Carboplatin is an anticancer drug (“antineoplastic” or “cytotoxic”) chemotherapy drug. Carboplatin is classified as an “alkylating agent.”
What Carboplatin Is Used For:
Carboplatin is used to treat ovarian cancer.
Carboplatin is also used for other types of cancer, including lung, head and neck, endometrial, esophageal, bladder, breast, and cervical; central nervous system or germ cell tumors; osteogenic sarcoma; and as preparation for a stem cell or bone marrow transplant.
Note: If a drug has been approved for one use, physicians may elect to use this same drug for other problems if they believe it may be helpful.
How Carboplatin Is Given:
Carboplatin is usually given by infusion into a vein (intravenous, IV).
Carboplatin can also be given intra-peritoneal, directly into the peritoneal cavity in the abdomen.
The amount of Carboplatin you receive depends on many factors, including your height and weight, your general health or other health problems, and how your body responds to it. Your doctor will determine your dose and schedule.
Carboplatin Side Effects:
Most people do not experience all of the side effects listed.
Side effects are often predictable in terms of their onset and duration.
Side effects are almost always reversible and will go away after treatment is complete.
There are many options to help minimize or prevent side effects.
There is no relationship between the presence or severity of side effects and the effectiveness of Carboplatin.
The side effects of Carboplatin and their severity depend on how much of Carboplatin is given. In other words, high doses may produce more severe side effects).
The following side effects are common (occurring in greater than 30%) for patients taking Carboplatin:
Low blood counts (including red blood cells, white blood cells and platelets)

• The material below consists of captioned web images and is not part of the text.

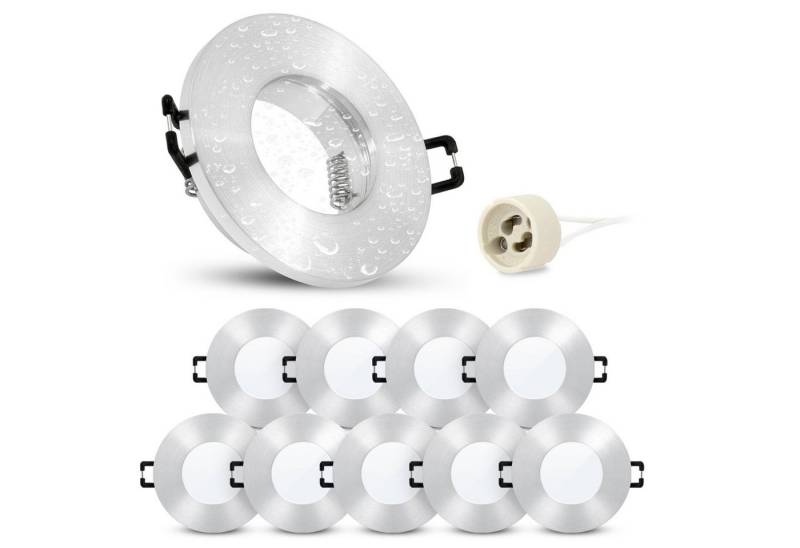linovum LED Einbaustrahler 10 x Einbaustrahler Rahmen ISASO mit IP65 Wasserschutz in rund, Leuchtmittel nicht inklusive von linovum
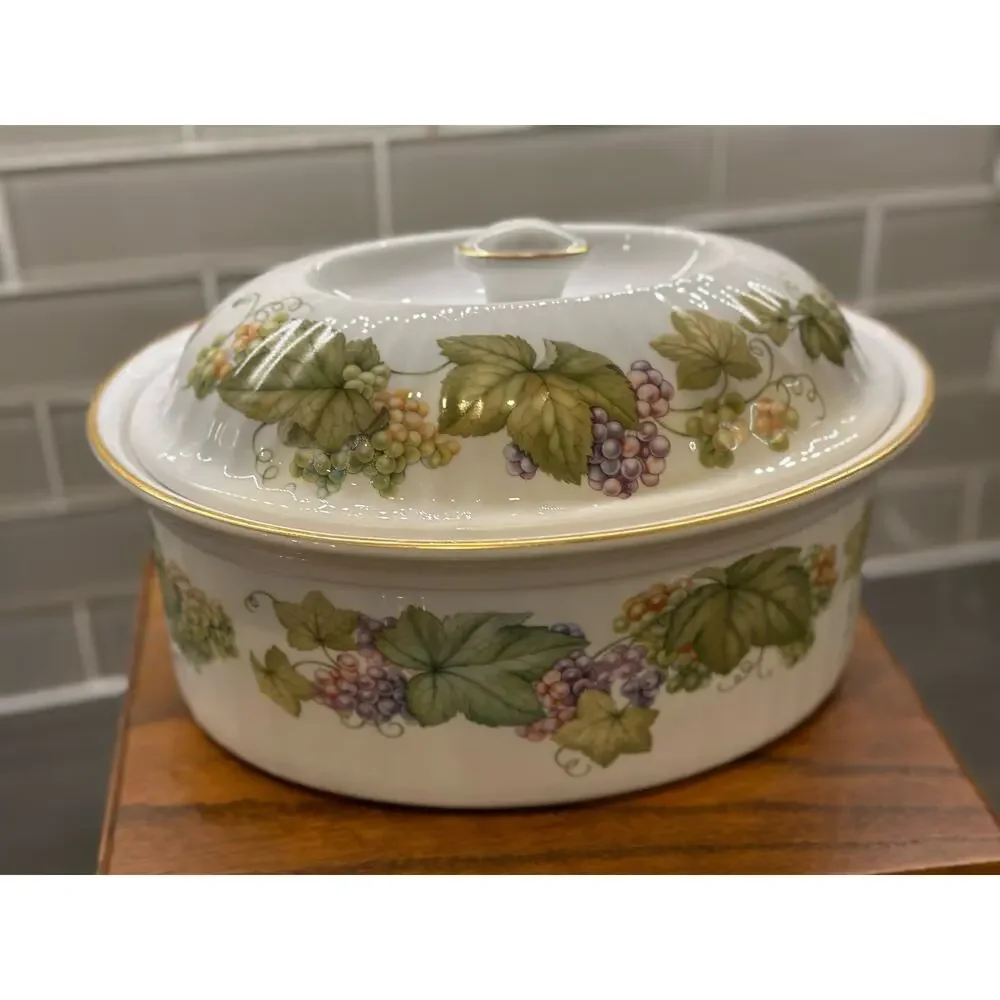Royal Worcester Vine Harvest Gold Trim Lidded Oval Casserole Dish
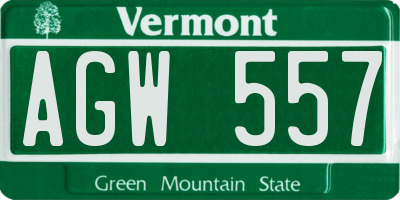 VT license plate AGW557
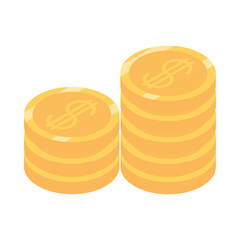isometric money cash currency stack of coins isolated on white background flat icon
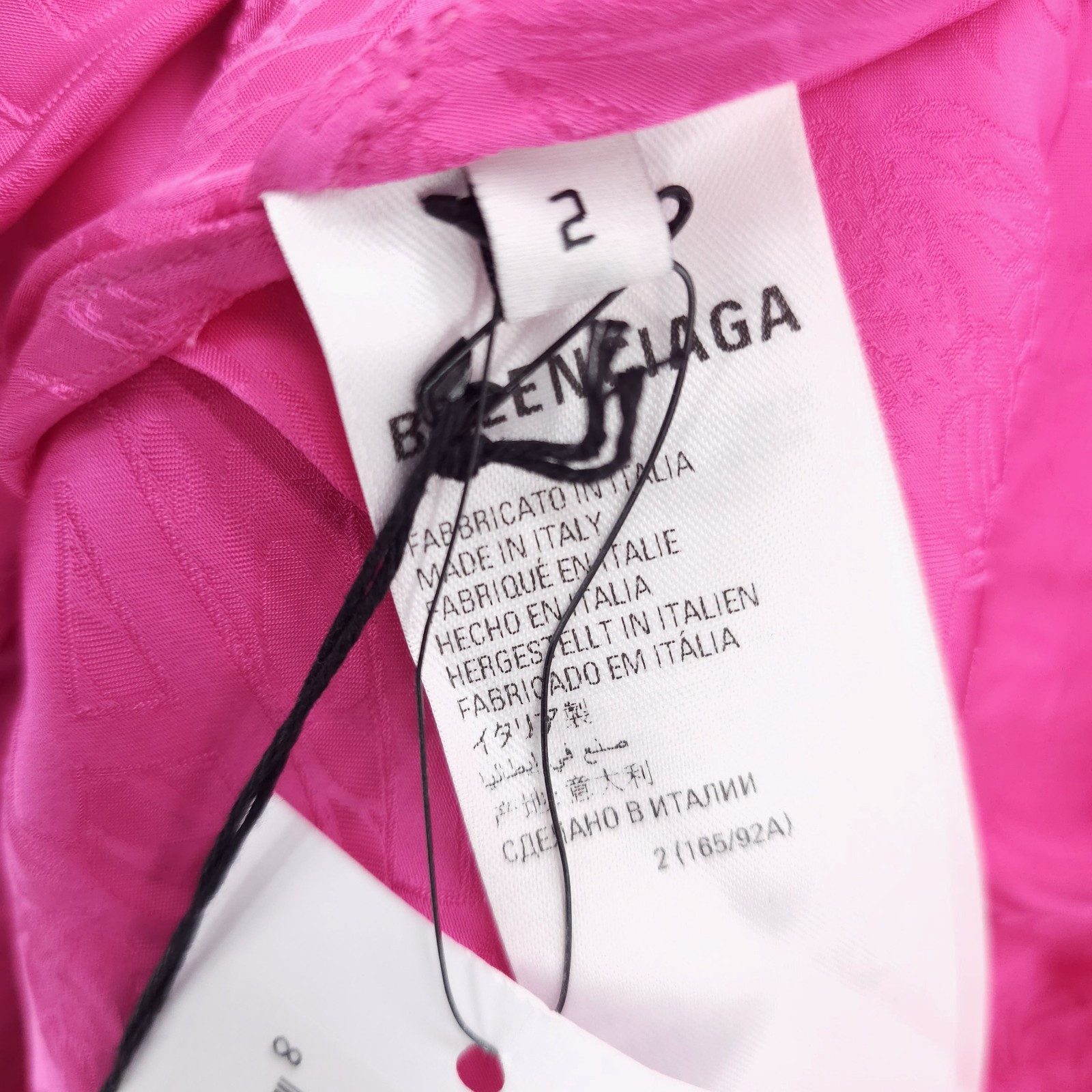 NWT BALENCIAGA Pink Slip Dress Oversized Jacquard Textured Floral Logo Size 2 thumbnail 8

Nadir: Meaning low point, nadir is the point in time between chemotherapy cycles in which you experience low blood counts.
Onset: None reported
Nadir: 21 days
Recovery: 28 days
Nausea and vomiting usually occurring within 24 hours of treatment
Blood test abnormalities: Abnormal magnesium level
These are less common (occurring in 10-29%) side effects for patients receiving Carboplatin:
Burning sensation at the injection site
Peripheral neuropathy: Although uncommon, a serious side effect of decreased sensation and paresthesia (numbness and tingling of the extremities) may be noted. Sensory loss, numbness and tingling, and difficulty in walking may last for at least as long as therapy is continued. These side effects may become progressively more severe with continued treatment, and your doctor may decide to decrease your dose.

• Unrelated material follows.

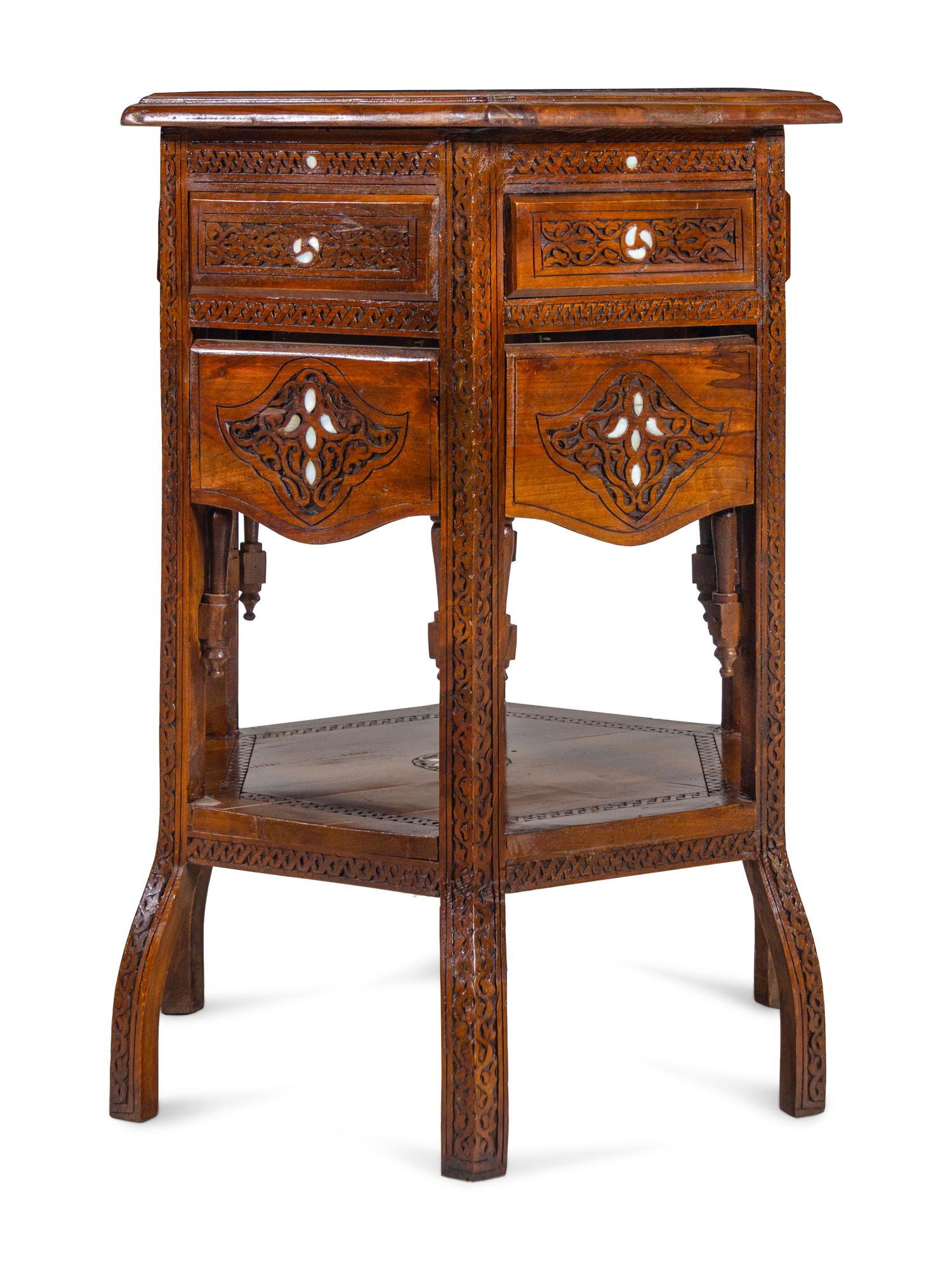 A Syrian Mother-of-Pearl Inlaid Walnut Side Table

Central neurotoxicity: Infrequent but patients over age 65 are at increased risk. Symptoms include dizziness, confusion, visual changes, ringing in the ears.

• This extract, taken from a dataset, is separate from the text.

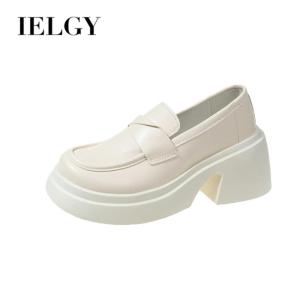 IELGY college style thick heel high heel square toe small leather shoes womens British style high-end shoes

Nephrotoxicity (see kidney problems): More frequent when Carboplatin is given in high doses or to people with kidney problems.
Hearing loss (ototoxicity) – loss of high pitched sounds.
Abnormal blood liver enzymes (SGOT, Alkaline phosphatase) (see liver problems).
Cardiovascular events. Although infrequent, heart failure, blood clots and strokes have been reported with Carboplatin use. Less than 1% were life-threatening.
Allergic reaction may occur. It would occur during the actual transfusion. This may include itching, rash, shortness of breath or dizziness (especially in patients who have received cisplatin).
Not all side effects are listed above, some that are rare (occurring in less than 10% of patients) are not listed here. However, you should always inform your health care provider if you experience any unusual symptoms.